Windhover, The, is a poem by the English poet and priest Gerard Manley Hopkins. It was written in 1877 but not published until 1918, nearly 20 years after Hopkins’s death. Although Hopkins is recognized as a major poet today, he did not receive wide encouragement during his lifetime. His poems were noted for their highly original and complex word patterns, and critics in his day rejected the poems as too difficult. Hopkins feared disapproval from the Jesuit order he had joined in 1868, and he did not persist in efforts to publish his work.

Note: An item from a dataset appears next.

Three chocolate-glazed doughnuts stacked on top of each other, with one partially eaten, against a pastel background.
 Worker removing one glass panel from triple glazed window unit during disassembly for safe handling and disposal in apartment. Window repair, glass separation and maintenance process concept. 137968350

“The Windhover,” like most of Hopkins’s work, is religious in inspiration. It describes the poet’s witnessing of the flight of a windhover, or kestrel (a type of falcon). As its name suggests, the windhover is able to hover—or pause as if suspended on air currents—and then to swoop and glide gracefully. The poet’s “heart in hiding” is stirred by the sight, and he sees Jesus Christ (the Prince, or “dauphin”) in the “mastery” of the windhover.
To Christ our Lord I caught this morning morning’s minion, kingdom of daylight’s dauphin, dapple-dawn-drawn Falcon, in his riding Of the rolling level underneath him steady air, and striding High there, how he rung upon the rein of a wimpling wing In his ecstacy! then off, off forth on swing, As a skate’s heel sweeps smooth on a bow-bend: the hurl and gliding Rebuffed the big wind. My heart in hiding Stirred for the bird,—the achieve of, the mastery of the thing! Brute beauty and valour and act, oh, air, pride, plume, here Buckle! AND the fire that breaks from thee then, a billion Times told lovelier, more dangerous, O my chevalier! No wonder of it: sheer plod makes plough down sillion Shine, and blue-beak embers, ah my dear, Fall, gall themselves, and gash gold-vermilion.
With increasing enthusiasm the speaker describes the bird’s qualities, eventually just exclaiming in single words, “oh, air, pride, plume, here / Buckle!” The use of the word buckle has been much analyzed in discussions about the poem. In general, the word’s meaning is to sum up (as in to join or to clasp) all the wondrous aspects of the windhover. It also suggests their combined force (where buckle can mean to snap under stress) on the enraptured witness. This force is then compared to the “fire” of Christ, whom the speaker now addresses alongside his falcon: “O my chevalier!”
In the final tercet (three-line stanza), the poet sums up his revelation about the power of such visions of beauty. He realizes that the “sheer plod” of plowing can make “sillion” (the furrow in the earth) shine, or that dark embers can yet shine “gold vermilion.” In other words, from toil and suffering can come beauty and wonder. On another level, this represents the story of Jesus Christ, from whose suffering and sacrifice came divine joy.
Hopkins is often credited for the rediscovery and development of what he called “sprung rhythm.” Verse written in sprung rhythm (also called “abrupt rhythm”) does not conform to the more conventional flow of stressed and unstressed syllables. Instead, it can place several stresses in a row, serving to accentuate the words themselves. The most obvious effect is of greater emotional intensity, and a sound more like natural speech, especially when excited.
These rhythms, when used with the poet’s highly original vocabulary, can result in a dense kind of poetry. Hopkins’s use of language is personal and can seem impenetrable at times. But few other writers have experimented so daringly with words and suggested such passion in doing so. The poetry of Hopkins can be more demanding than other verse, but it can also be more rewarding in the richness and variety that are uncovered after careful reading.